> _TASK DETAILS_: The listing that follows should be copied in full and exactly, with no pictures.

::: GIVEN ENTRIES

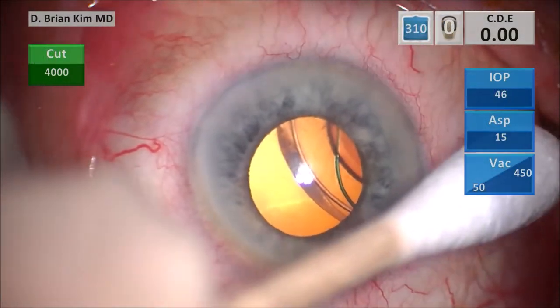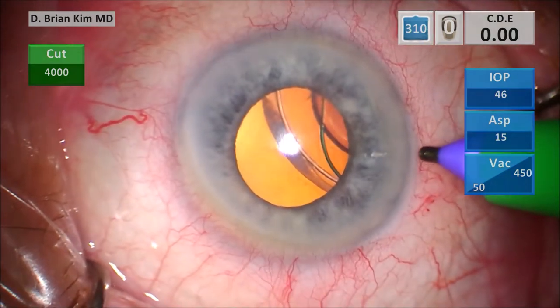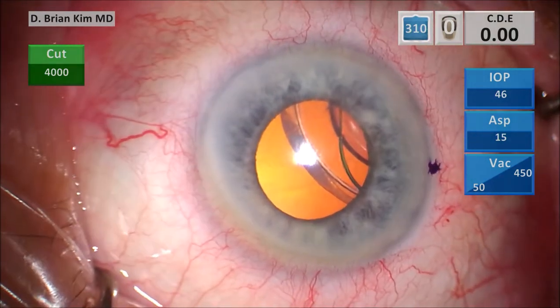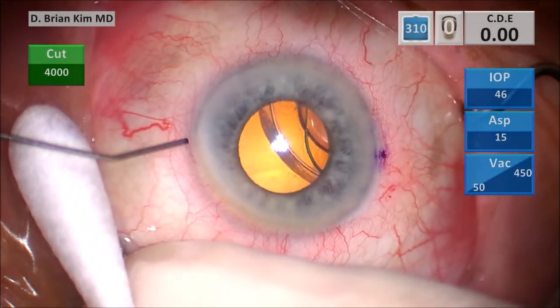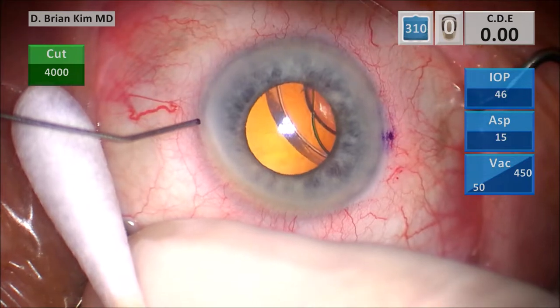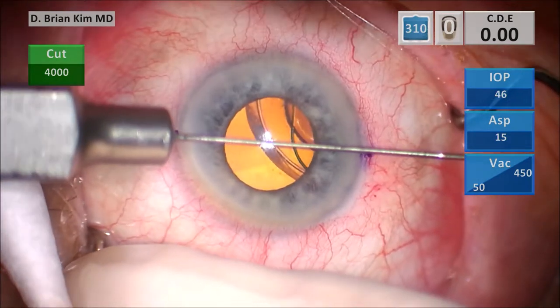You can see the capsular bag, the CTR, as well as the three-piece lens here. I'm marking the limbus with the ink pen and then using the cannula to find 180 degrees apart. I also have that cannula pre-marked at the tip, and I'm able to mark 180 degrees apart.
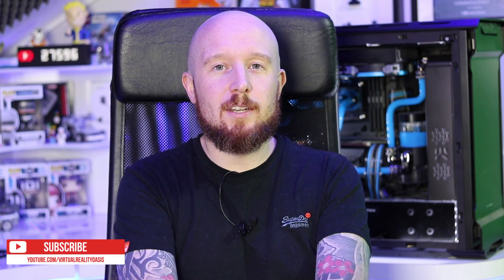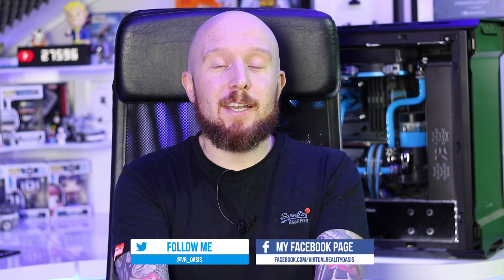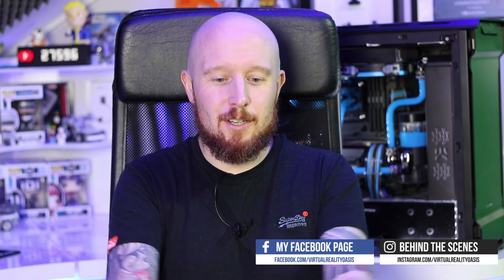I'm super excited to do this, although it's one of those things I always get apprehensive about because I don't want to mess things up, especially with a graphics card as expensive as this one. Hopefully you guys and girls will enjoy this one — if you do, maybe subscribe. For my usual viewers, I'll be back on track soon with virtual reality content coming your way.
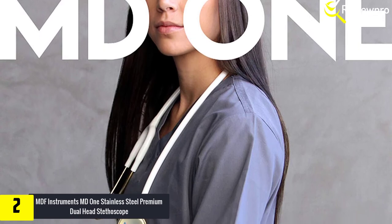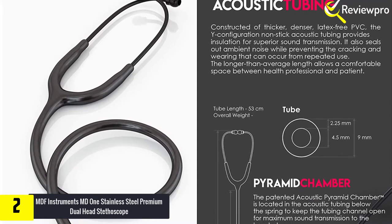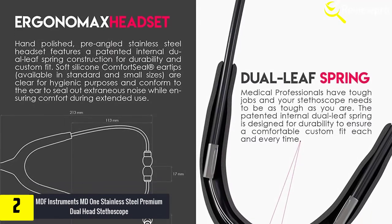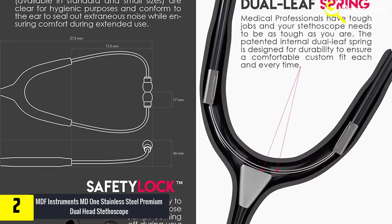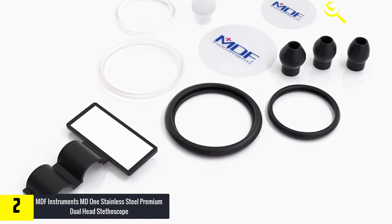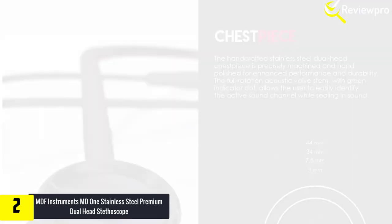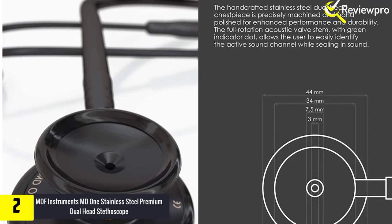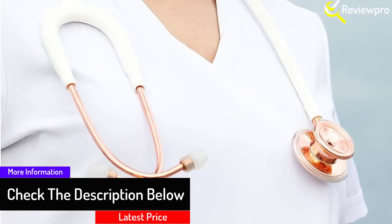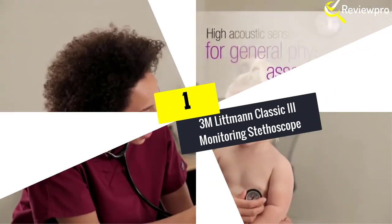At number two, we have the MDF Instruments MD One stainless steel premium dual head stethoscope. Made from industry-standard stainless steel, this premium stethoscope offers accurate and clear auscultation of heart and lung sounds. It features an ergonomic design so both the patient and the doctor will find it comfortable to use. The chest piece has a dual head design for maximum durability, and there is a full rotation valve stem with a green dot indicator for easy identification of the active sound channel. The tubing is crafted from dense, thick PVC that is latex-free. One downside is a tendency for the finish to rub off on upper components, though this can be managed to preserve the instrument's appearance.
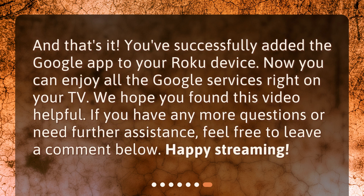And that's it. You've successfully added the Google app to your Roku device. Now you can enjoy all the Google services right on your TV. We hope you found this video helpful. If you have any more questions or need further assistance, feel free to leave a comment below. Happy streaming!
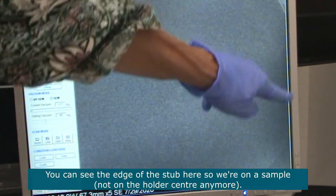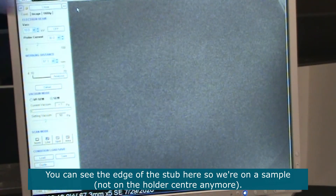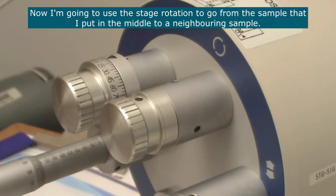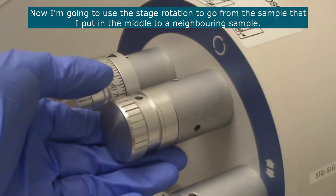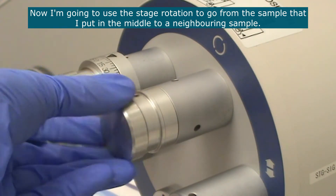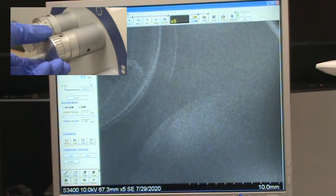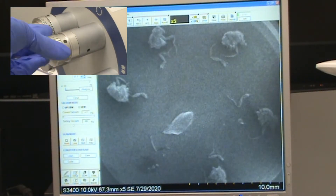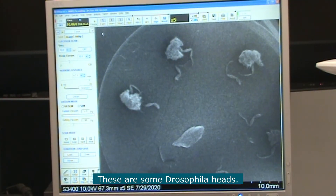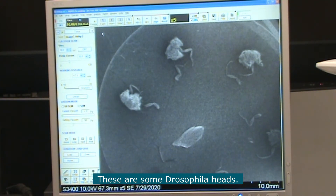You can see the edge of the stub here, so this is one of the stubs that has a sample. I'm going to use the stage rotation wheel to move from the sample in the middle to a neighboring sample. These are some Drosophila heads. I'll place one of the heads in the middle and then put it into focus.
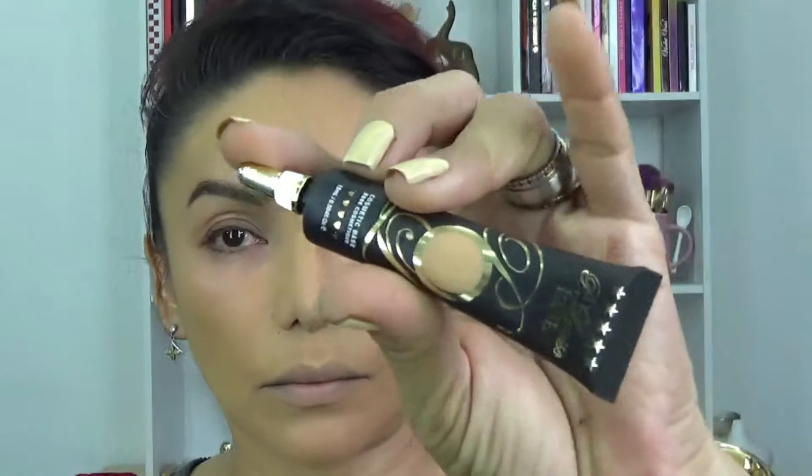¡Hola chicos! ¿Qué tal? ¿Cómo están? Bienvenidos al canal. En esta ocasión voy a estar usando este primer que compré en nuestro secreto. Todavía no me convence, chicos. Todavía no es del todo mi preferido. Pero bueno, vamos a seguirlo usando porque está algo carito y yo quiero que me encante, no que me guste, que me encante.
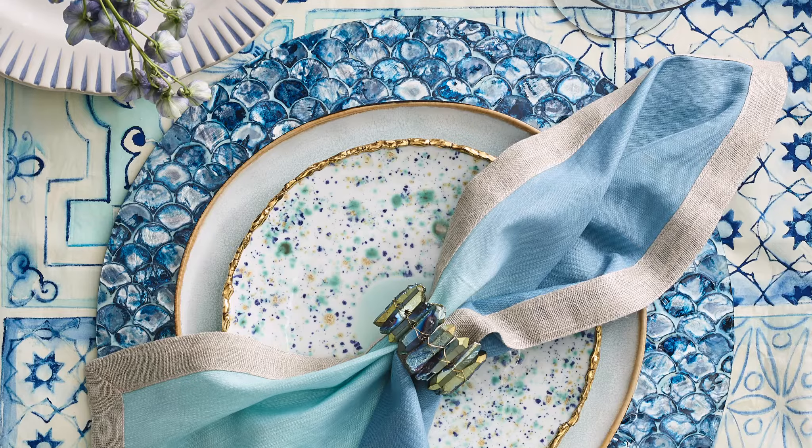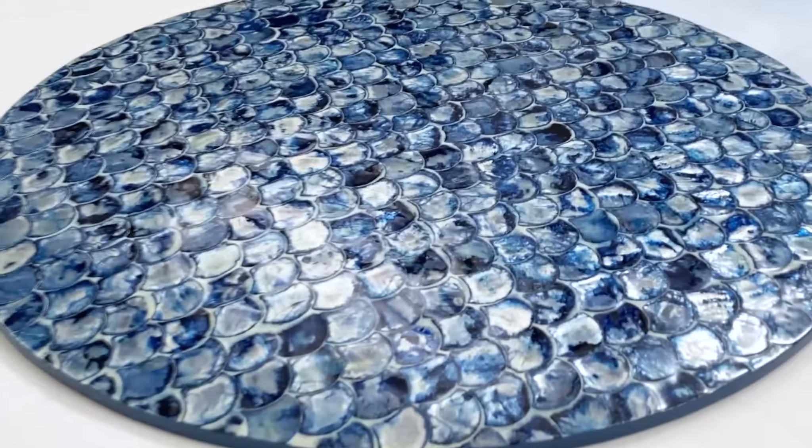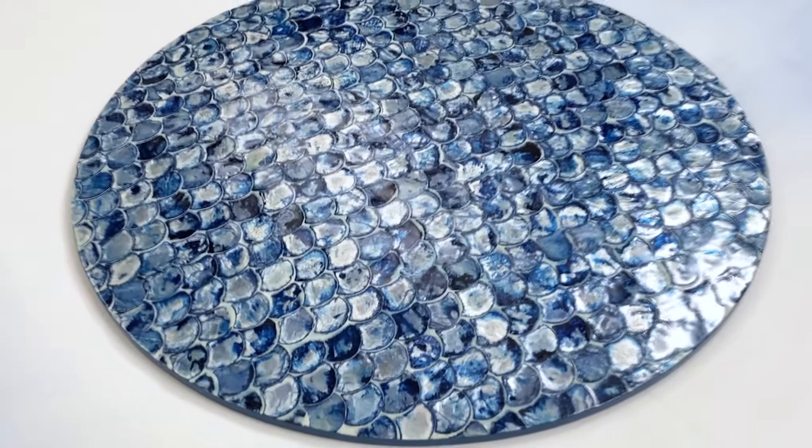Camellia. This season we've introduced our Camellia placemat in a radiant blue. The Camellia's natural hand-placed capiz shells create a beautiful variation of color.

::::::

> _ANSWER SPACE_:
You can see the capsular bag, the CTR, as well as the three-piece lens here. I'm marking the limbus with the ink pen and then using the cannula to find 180 degrees apart. I also have that cannula pre-marked at the tip, and I'm able to mark 180 degrees apart.
I'm super excited to do this, although it's one of those things I always get apprehensive about because I don't want to mess things up, especially with a graphics card as expensive as this one. Hopefully you guys and girls will enjoy this one — if you do, maybe subscribe. For my usual viewers, I'll be back on track soon with virtual reality content coming your way.
At number two, we have the MDF Instruments MD One stainless steel premium dual head stethoscope. Made from industry-standard stainless steel, this premium stethoscope offers accurate and clear auscultation of heart and lung sounds. It features an ergonomic design so both the patient and the doctor will find it comfortable to use. The chest piece has a dual head design for maximum durability, and there is a full rotation valve stem with a green dot indicator for easy identification of the active sound channel. The tubing is crafted from dense, thick PVC that is latex-free. One downside is a tendency for the finish to rub off on upper components, though this can be managed to preserve the instrument's appearance.
And that's it. You've successfully added the Google app to your Roku device. Now you can enjoy all the Google services right on your TV. We hope you found this video helpful. If you have any more questions or need further assistance, feel free to leave a comment below. Happy streaming!
You can see the edge of the stub here, so this is one of the stubs that has a sample. I'm going to use the stage rotation wheel to move from the sample in the middle to a neighboring sample. These are some Drosophila heads. I'll place one of the heads in the middle and then put it into focus.
¡Hola chicos! ¿Qué tal? ¿Cómo están? Bienvenidos al canal. En esta ocasión voy a estar usando este primer que compré en nuestro secreto. Todavía no me convence, chicos. Todavía no es del todo mi preferido. Pero bueno, vamos a seguirlo usando porque está algo carito y yo quiero que me encante, no que me guste, que me encante.
Camellia. This season we've introduced our Camellia placemat in a radiant blue. The Camellia's natural hand-placed capiz shells create a beautiful variation of color.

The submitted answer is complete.